The first couple duo of global banjo artistry and folk eclecticism co-bill a family effort.
You know BELA FLECK already. Master of the banjo. 13-time Grammy-winner. Conqueror of jazz, classical, bluegrass, progressive and world music. Teacher, student and all-around guru of his instrument.
You likely know ABIGAIL WASHBURN already, too. Wizard of clawhammer banjo, collaborator extrordinaire with old-time music maestros Uncle Earl, with John Paul Jones, The Duhks and many more, world traveler, producer and playwright. A musical force to be reckoned with on all fronts.
Bela Fleck & Abigail Washburn will play in Athens at the UGA Performing Arts Center on Weds., March 22nd. Show Info.
The team of Fleck and Washburn’s first musical collaboration was in an unconventional string quartet comprised of two banjos, cello and violin and called The Sparrow Quartet, which they followed up with some touring as a duo.
After joining in holy matrimony, they put out an amazing self-titled disc n 2014, which went on to garner a Grammy nomination for Best Folk Album. The album avoids self-indulgence and instead delivers 11 concise, thrilling tracks of intricate stringed conversation, dazzling ad-libbed jazz, cultural wanderlust and even a little blues. Washburn’s intense, fiercely emotional vocals soar over these arrangements with a marvelous confidence, full of honey and vinegar. By the time it’s over, you’ll be dazzled by the sheer craft and creativity within.
Alive and in constant motion, the banjo duo discourse provides a wondrously open backdrop for Washburn’s vocals. It takes some doing to revitalize a warhorse like “I’ve Been Working On The Railroad,” but Washburn does it. She emphasizes the work-song cadence while glancing gently at the blues, and at the same time somehow conjures a wide-eyed sense of wanderlust – a feeling ported directly from that long-gone age when the railroad inspired reverence.

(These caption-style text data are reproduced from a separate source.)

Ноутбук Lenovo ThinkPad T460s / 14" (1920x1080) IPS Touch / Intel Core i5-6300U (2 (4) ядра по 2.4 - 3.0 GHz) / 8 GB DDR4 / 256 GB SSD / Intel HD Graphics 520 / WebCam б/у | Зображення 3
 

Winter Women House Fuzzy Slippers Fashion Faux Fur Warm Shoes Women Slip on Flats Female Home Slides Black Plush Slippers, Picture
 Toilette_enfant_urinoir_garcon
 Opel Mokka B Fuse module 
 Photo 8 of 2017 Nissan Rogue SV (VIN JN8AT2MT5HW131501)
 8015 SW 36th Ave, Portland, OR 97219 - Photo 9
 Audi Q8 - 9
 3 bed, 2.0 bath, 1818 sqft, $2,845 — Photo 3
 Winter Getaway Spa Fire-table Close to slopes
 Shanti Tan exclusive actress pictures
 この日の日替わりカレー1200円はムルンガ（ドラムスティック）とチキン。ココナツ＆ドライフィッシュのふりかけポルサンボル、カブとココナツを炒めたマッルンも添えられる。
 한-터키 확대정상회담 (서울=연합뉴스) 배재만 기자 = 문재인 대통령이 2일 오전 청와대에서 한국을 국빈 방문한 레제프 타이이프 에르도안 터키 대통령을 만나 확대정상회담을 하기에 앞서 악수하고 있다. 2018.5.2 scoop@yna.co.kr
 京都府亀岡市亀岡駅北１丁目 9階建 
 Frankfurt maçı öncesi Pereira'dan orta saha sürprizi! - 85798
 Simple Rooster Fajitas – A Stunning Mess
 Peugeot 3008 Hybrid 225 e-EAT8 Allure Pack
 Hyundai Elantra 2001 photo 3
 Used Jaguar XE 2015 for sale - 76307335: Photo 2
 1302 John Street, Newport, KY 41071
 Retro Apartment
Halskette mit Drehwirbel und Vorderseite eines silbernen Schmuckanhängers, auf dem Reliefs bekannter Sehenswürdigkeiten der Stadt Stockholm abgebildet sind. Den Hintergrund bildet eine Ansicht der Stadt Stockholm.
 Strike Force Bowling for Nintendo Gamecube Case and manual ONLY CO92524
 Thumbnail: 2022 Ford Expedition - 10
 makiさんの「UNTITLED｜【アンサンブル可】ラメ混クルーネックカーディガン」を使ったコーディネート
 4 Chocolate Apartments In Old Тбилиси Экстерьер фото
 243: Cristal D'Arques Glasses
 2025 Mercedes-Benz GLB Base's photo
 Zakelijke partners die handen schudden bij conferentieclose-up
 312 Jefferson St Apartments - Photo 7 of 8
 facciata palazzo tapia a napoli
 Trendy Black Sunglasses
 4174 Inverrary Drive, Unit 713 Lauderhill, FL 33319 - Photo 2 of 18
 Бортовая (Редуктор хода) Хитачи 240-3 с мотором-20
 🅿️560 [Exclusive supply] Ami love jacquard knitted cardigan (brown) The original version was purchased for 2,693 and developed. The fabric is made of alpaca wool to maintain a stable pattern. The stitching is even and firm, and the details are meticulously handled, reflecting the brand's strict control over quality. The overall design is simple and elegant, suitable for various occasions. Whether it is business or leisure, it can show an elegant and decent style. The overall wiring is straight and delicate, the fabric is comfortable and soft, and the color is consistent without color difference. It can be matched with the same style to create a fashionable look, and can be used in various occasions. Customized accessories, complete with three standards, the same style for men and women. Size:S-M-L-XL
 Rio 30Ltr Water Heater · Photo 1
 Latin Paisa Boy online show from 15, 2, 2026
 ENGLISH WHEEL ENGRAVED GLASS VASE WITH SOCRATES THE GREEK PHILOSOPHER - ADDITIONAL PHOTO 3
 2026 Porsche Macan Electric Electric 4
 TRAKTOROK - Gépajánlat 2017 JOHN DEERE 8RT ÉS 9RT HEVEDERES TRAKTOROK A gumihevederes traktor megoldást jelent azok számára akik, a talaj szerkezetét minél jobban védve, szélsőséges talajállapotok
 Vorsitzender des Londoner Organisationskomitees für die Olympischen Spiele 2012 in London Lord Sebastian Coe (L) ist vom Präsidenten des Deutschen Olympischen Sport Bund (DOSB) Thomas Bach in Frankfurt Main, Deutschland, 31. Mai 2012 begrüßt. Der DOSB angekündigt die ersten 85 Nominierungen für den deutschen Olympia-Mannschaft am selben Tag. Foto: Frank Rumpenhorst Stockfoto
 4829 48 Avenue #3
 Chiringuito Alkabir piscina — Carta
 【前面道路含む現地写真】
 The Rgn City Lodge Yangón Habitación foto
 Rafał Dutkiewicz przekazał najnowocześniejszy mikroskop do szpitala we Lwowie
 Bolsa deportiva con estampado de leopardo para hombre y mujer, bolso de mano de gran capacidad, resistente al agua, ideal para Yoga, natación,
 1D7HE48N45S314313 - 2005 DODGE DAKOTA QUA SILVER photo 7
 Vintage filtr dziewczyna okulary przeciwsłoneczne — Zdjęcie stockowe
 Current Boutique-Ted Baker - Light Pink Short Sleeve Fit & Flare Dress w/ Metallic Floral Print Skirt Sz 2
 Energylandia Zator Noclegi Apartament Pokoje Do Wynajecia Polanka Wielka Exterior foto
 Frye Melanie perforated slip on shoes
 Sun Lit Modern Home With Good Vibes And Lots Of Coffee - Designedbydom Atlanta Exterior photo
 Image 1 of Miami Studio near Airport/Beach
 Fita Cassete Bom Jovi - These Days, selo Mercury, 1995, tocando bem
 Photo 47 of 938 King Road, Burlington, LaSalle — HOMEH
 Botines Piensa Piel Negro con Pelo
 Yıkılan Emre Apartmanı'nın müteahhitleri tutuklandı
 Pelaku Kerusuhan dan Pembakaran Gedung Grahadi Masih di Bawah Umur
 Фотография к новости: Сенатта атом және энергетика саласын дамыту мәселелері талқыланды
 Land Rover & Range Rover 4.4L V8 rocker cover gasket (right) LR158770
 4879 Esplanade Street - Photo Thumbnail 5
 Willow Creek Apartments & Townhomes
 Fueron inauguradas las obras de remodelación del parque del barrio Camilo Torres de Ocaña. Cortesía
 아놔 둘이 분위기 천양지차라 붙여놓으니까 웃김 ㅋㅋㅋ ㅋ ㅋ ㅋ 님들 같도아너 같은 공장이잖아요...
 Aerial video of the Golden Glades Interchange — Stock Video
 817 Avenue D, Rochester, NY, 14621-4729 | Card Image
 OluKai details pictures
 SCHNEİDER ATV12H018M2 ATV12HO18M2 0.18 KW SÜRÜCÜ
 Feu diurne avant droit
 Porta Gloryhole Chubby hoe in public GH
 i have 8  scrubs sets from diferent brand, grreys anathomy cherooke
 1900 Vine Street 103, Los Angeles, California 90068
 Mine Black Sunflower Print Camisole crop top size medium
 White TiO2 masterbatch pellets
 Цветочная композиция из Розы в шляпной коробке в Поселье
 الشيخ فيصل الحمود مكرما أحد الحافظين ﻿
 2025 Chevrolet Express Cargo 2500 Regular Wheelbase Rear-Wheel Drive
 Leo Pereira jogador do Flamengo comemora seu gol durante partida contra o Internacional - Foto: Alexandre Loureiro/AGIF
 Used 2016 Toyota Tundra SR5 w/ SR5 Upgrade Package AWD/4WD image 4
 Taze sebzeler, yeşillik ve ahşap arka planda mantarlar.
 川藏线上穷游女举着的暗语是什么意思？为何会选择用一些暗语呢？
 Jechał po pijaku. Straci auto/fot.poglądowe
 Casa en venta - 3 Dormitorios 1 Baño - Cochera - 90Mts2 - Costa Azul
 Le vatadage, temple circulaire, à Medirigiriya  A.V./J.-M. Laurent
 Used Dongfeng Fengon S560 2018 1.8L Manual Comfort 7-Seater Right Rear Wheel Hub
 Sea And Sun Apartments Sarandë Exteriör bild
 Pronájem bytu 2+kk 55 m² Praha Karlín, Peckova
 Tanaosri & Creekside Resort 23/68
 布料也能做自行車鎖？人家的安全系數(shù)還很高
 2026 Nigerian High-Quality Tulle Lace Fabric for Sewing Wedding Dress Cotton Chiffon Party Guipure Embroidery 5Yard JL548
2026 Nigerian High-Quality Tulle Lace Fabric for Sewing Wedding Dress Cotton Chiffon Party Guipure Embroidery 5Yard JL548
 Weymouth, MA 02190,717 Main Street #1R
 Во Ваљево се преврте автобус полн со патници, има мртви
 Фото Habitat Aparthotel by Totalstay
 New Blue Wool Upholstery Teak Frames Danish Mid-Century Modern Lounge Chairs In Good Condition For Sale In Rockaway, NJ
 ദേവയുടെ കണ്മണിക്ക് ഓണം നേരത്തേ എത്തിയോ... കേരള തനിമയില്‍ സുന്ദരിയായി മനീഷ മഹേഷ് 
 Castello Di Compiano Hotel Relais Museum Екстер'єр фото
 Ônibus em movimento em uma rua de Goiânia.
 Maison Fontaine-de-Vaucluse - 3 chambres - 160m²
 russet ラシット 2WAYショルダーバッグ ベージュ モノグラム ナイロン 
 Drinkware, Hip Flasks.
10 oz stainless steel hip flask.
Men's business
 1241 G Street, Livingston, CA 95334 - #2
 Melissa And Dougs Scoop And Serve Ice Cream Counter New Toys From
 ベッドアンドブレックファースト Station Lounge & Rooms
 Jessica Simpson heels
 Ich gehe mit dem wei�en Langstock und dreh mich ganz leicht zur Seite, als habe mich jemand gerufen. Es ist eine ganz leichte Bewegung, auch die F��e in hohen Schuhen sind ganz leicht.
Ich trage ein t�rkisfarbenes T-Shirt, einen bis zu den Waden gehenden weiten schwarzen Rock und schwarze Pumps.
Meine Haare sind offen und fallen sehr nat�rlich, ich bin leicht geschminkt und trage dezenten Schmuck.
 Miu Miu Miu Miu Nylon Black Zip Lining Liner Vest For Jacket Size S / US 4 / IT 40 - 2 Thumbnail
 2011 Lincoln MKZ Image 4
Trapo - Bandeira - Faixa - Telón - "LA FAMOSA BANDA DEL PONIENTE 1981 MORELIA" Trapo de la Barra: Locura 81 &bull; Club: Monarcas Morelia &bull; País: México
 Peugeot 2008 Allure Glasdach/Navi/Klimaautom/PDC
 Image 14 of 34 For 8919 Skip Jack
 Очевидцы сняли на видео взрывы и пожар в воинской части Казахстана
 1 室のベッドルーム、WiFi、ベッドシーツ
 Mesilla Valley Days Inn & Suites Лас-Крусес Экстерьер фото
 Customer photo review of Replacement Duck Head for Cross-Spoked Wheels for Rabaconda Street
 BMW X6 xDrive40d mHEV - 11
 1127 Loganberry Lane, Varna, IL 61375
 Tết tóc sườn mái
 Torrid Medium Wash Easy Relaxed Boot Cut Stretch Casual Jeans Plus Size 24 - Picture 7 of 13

She’s so uncontrived and uncomplicated and entirely believable, she could be from that era. She’s believable when singing in a more modern folk idiom, too: In Fleck’s dystopian “What’cha Gonna Do,” her voice asks a hypothetical question about an end-times scenario in which the “land goes into the water.” One minute she could be castigating corporate polluters, the next minute she sounds dismayed about humanity’s chances, and the next she’s singing with fierce yet intimate urgency, as if trying to rouse someone who’s been sleeping for too long. The material on this self-titled set, recorded shortly after the birth of the couple’s son Juno, covers an impressive range. There are wistful, singer-songwriterly originals (Washburn’s “Ride To You”) and old Appalachian classics (“Pretty Polly”), murder ballads and songs about the afterlife.